I've shopped in Tokyo, London, Paris, Toronto, Australia and the US for groceries and household items. We are more expensive. Period.
NTUC is not a co-operative. It is a Temasek-linked cartel and its practices are highly anti-competitive. If it had operated in America a multi-billion class action anti-trust lawsuit would have been filed right away.
TFBH is right: S'pore being a high-priced place has nothing to do with our having to import essential items. Walmart and Tesco import everything from China, and their prices are at least 40%–70% than comparable items here.
Three factors are at play here:
1. Land pricing. The government is the biggest land owner here.

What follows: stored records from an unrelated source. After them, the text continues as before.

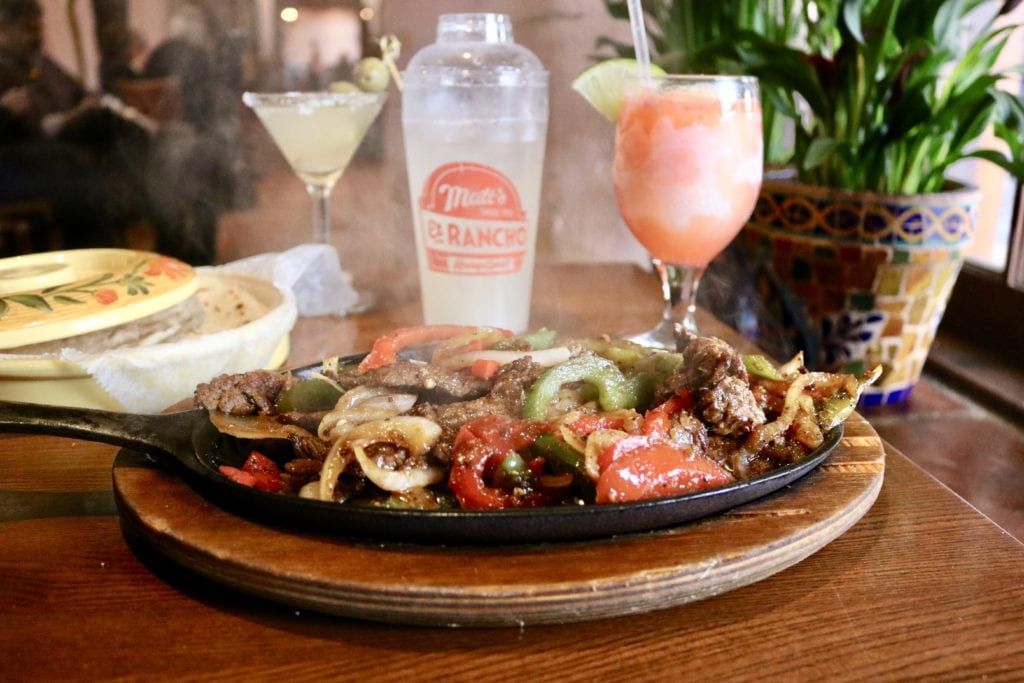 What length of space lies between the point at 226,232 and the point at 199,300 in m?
1.94

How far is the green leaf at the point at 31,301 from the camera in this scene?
149 cm

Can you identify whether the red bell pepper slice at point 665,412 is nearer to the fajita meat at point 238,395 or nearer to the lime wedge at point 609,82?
the fajita meat at point 238,395

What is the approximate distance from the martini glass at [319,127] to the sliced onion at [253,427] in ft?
4.27

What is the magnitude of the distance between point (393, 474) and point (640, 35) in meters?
1.28

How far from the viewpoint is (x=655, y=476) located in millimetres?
990

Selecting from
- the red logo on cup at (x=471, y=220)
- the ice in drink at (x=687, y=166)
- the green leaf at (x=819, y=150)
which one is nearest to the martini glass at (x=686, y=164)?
the ice in drink at (x=687, y=166)

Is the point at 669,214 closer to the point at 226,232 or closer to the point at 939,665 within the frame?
the point at 939,665

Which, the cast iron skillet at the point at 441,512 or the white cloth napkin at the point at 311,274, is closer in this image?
the cast iron skillet at the point at 441,512

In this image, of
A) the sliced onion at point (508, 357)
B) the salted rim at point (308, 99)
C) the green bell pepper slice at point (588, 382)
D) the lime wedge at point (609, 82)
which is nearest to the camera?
the green bell pepper slice at point (588, 382)

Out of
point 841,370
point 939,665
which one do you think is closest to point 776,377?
point 939,665

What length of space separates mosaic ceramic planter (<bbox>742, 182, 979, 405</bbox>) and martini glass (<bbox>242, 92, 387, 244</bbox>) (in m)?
1.18

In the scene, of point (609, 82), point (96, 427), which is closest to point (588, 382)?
point (96, 427)

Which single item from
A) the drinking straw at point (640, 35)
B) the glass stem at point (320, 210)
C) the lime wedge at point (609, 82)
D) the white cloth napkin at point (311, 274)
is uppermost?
the drinking straw at point (640, 35)

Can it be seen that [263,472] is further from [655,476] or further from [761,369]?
[761,369] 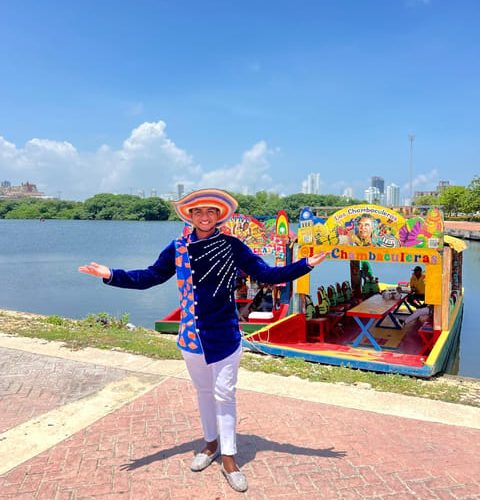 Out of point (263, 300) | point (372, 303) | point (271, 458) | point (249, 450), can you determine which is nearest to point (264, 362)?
point (249, 450)

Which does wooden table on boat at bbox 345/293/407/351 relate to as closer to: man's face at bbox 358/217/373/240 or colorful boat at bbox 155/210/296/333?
man's face at bbox 358/217/373/240

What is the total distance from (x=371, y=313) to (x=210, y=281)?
6.13m

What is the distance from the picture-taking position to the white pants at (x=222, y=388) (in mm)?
3703

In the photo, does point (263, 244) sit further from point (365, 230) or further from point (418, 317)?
point (418, 317)

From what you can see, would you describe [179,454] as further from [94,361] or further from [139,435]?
[94,361]


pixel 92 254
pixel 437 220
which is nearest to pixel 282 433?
pixel 437 220

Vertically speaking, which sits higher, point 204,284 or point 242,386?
point 204,284

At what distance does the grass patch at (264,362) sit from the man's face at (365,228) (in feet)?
7.87

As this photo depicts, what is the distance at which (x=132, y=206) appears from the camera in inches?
4215

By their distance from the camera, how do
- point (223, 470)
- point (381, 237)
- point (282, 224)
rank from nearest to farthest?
point (223, 470), point (381, 237), point (282, 224)

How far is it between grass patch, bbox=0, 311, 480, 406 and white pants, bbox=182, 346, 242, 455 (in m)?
A: 2.72

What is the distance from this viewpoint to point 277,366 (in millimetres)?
6875

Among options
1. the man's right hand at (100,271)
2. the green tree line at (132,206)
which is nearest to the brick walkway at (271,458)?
the man's right hand at (100,271)

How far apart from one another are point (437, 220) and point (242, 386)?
438cm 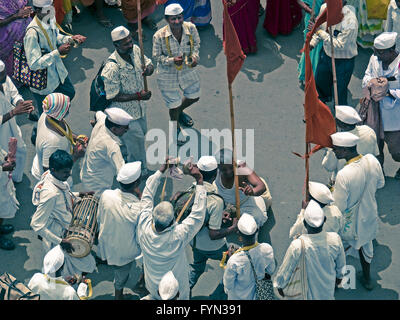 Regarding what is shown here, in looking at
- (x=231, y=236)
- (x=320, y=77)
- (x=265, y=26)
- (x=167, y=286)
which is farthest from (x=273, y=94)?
(x=167, y=286)

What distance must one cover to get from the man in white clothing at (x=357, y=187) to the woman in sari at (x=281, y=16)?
4720mm

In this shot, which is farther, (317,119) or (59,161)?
(317,119)

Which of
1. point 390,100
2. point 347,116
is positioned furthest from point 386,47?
point 347,116

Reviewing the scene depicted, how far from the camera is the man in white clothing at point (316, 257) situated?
7.73m

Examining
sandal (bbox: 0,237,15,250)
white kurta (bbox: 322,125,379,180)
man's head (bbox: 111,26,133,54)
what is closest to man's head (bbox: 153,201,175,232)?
white kurta (bbox: 322,125,379,180)

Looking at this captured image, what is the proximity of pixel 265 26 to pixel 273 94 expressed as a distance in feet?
5.39

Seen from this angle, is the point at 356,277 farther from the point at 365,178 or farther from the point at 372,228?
the point at 365,178

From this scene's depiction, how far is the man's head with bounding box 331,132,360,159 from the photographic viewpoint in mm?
8516

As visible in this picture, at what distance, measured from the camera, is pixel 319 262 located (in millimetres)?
7848

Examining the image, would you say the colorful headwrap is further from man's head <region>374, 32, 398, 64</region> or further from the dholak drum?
man's head <region>374, 32, 398, 64</region>

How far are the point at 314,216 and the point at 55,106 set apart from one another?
3275mm

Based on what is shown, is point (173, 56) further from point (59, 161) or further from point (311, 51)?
point (59, 161)

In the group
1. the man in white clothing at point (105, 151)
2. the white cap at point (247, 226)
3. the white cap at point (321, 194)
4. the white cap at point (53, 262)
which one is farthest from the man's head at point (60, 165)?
the white cap at point (321, 194)

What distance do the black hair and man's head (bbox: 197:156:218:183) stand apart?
1384mm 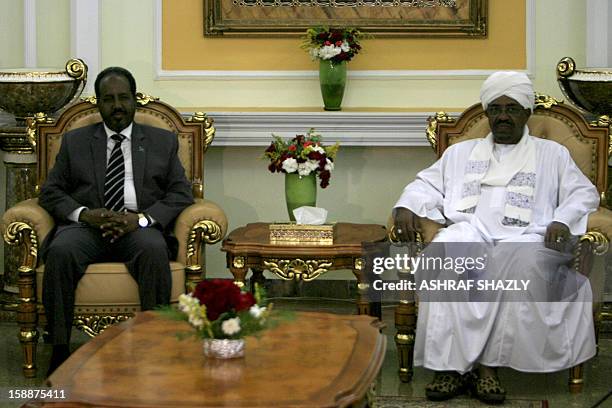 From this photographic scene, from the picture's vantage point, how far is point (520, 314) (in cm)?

By tendering land parcels at high minimum bid prices, pegging HDB prices to private property, maintaining high commercial rents via JTC and HDB ... the govt has effectively set up a rentier state which sucks money from the people back to the state, its various state-owned corporations and their shareholders, i.e. the cronies and elite . High land prices → high rentals → high business cost and retail prices.
2. Market collusion. The economy – unlike the other 3 dragon economies – is dominated by MNCs and GLCs. So there's market collusion on a grand scale which squeezes out the small proprietor and SMEs. Chain stores dominate, many of which are GIC or Temasek-owned. Result: effective cartels formed with price inflexibility.
3. Unbridled immigration of super-wealthy folks → inflation. You don't need a PhD in economics to understand how this impacts property prices and secondarily retail prices.